## ASSIGNMENT
Every record below is to be restated word for word, and no picture is to be copied.

## DATA EXTRACT
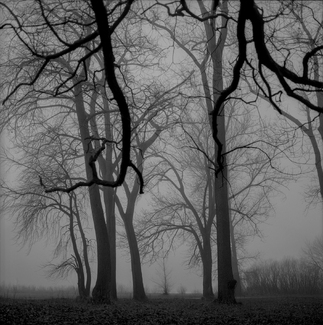 Black Trees Black Trees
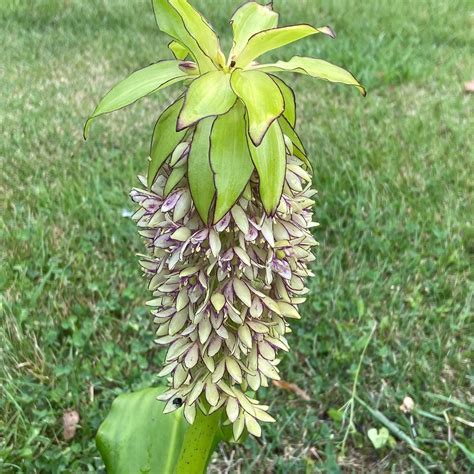 Eucomis bicolor : Lynwood Garden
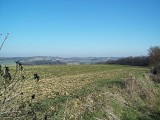 Point de vue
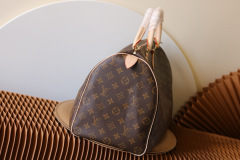 M41106 SPEEDY 40 handbag iconic Speedy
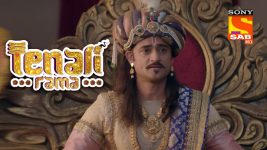 Tenali Rama S01E147 Tiger On The Loose Full Episode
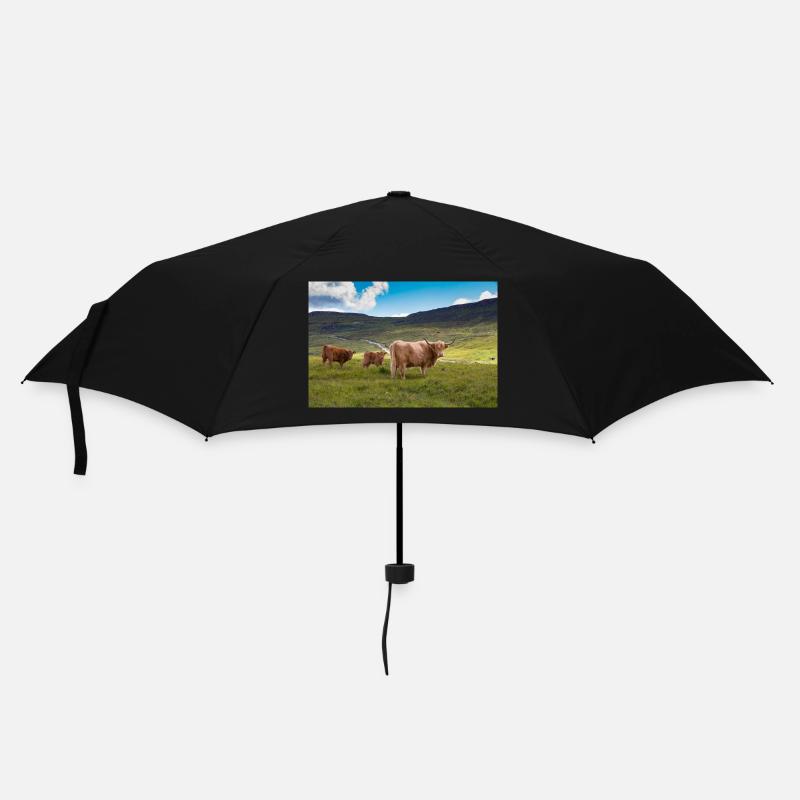 Schottische Hochlandrinder - Regenschirm (klein) - Schwarz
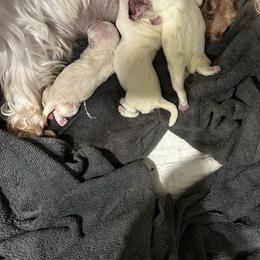 Girl 1 - White female West Highland White Terrier puppy in Loxley, Alabama from Dixieland Westies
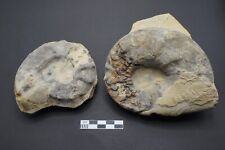 Ceratiten ammoniten fossilien gebraucht kaufen  Gütersloh-Friedrichsdorf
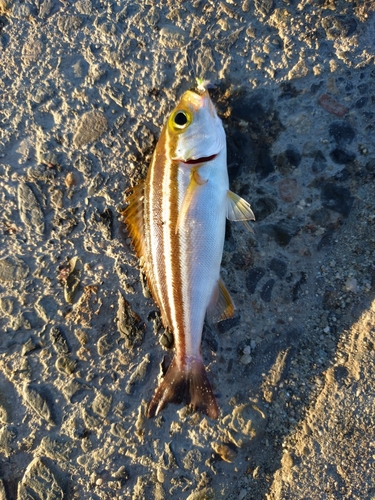 コトヒキの釣果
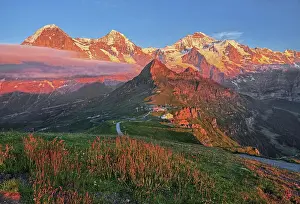 Eiger: Mountain meadow on the Mannlichen with the triumvirate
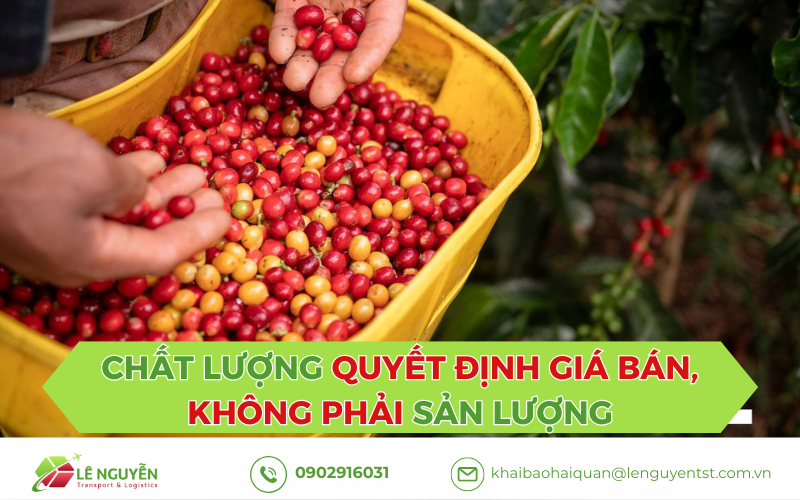 Chất lượng quyết định giá bán, không phải sản lượng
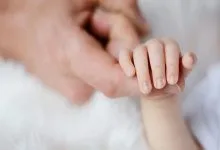 5253204.jpg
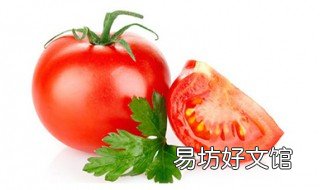 蔬菜种植时间表 湖南蔬菜种植时间表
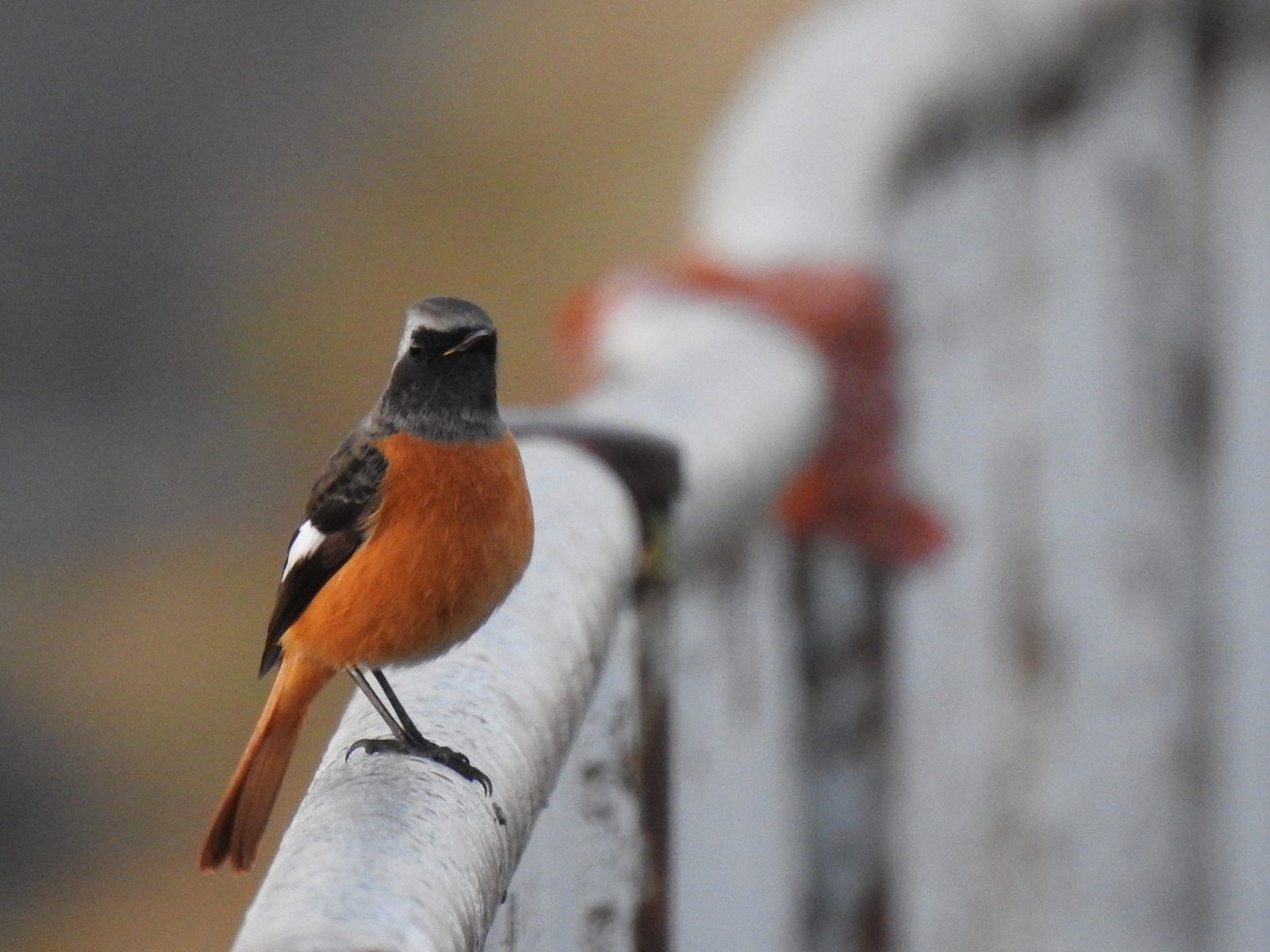 ジョウビタキ雄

## WORKED SOLUTION
 Black Trees Black Trees
 Eucomis bicolor : Lynwood Garden
 Point de vue
 M41106 SPEEDY 40 handbag iconic Speedy
 Tenali Rama S01E147 Tiger On The Loose Full Episode
 Schottische Hochlandrinder - Regenschirm (klein) - Schwarz
 Girl 1 - White female West Highland White Terrier puppy in Loxley, Alabama from Dixieland Westies
 Ceratiten ammoniten fossilien gebraucht kaufen  Gütersloh-Friedrichsdorf
 コトヒキの釣果
 Eiger: Mountain meadow on the Mannlichen with the triumvirate
 Chất lượng quyết định giá bán, không phải sản lượng
 5253204.jpg
 蔬菜种植时间表 湖南蔬菜种植时间表
 ジョウビタキ雄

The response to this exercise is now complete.